記憶の欠損がみられる男性。「数秒間口をもぐもぐ」という記載(自動症)より側頭葉てんかん〈複雑部分発作〉の診断は容易。
a 「口をもぐもぐ」だけをとってみれば不随意運動と言えなくもないが、記憶の欠損など総合的な病態を考えるにdへ正答を譲る。
b 逆向性健忘では文字通り、何かしらのイベントより前の記憶を失う。本症例では発作中の記憶のみ損失しているため、合致しない。

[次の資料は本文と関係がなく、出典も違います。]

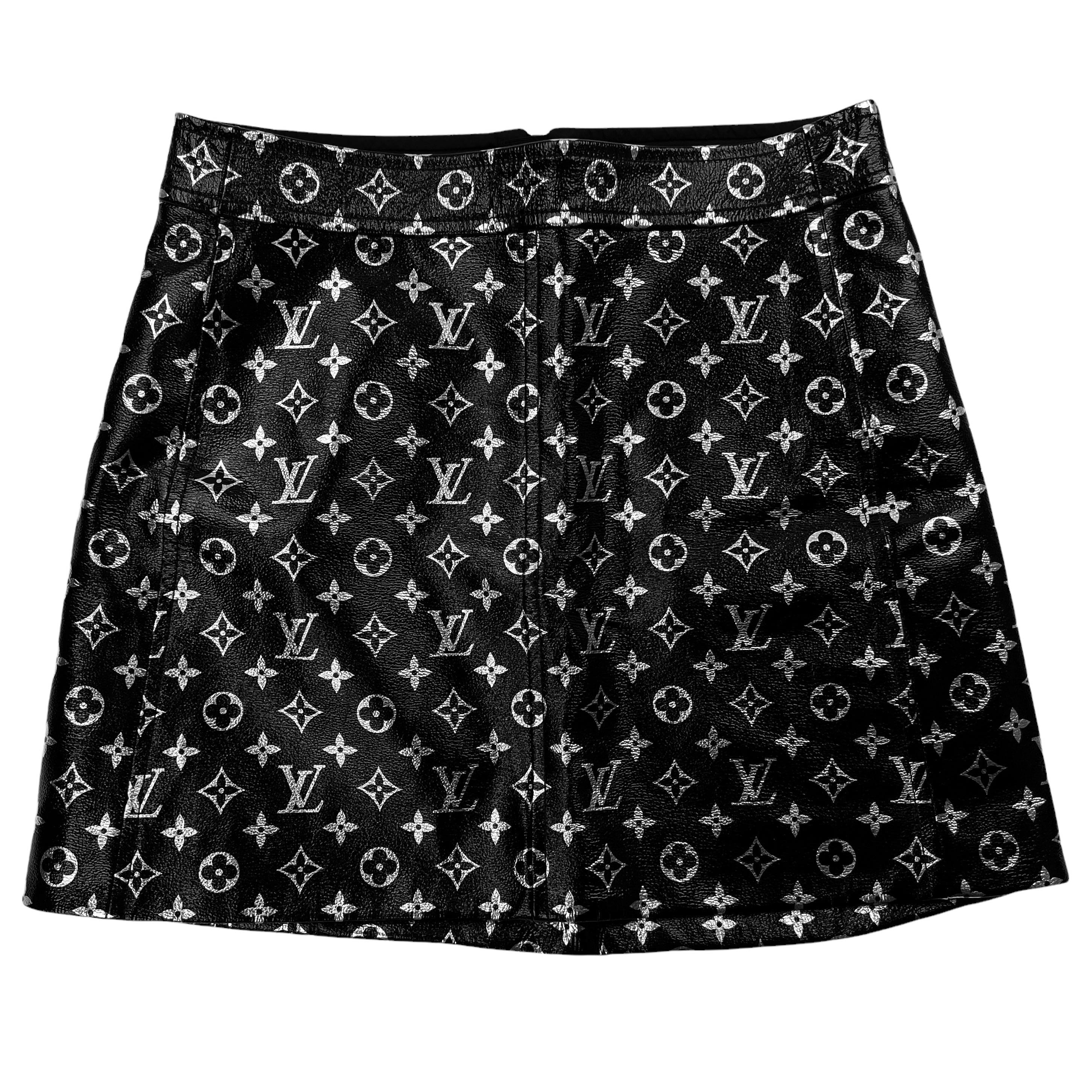 Louis Vuitton Embossed Monogram Leather Mini Skirt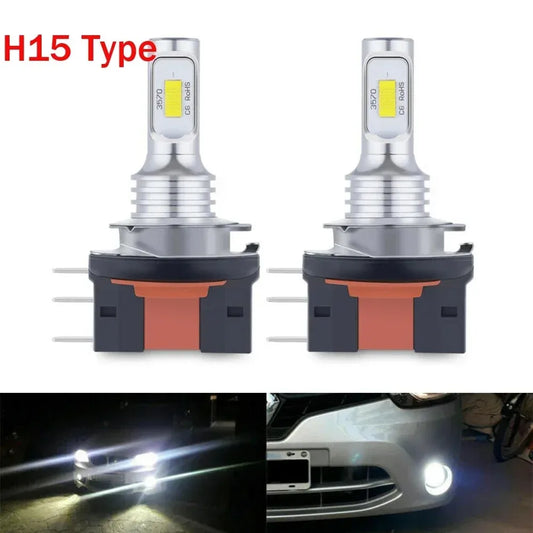 2Pcs H15 LED Bulb Headlight 3570 CSP Car Fog Light High Beam Day Driving Running Light 12V 6000K White Auto Lamp for VW Audi BMW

c 解離性障害では記憶の喪失をみるが、一般に自動症はみない。また、除外診断的に判定される精神科疾患であり、今回はdへ正答を譲る。
d 正しい。上記の通り。
e 睡眠時無呼吸症候群では昼間の眠気に由来する交通事故を起こすことが多い。が、肥満もなく、夜間のいびきエピソード等もないため、否定的。むろん、自動症もみない。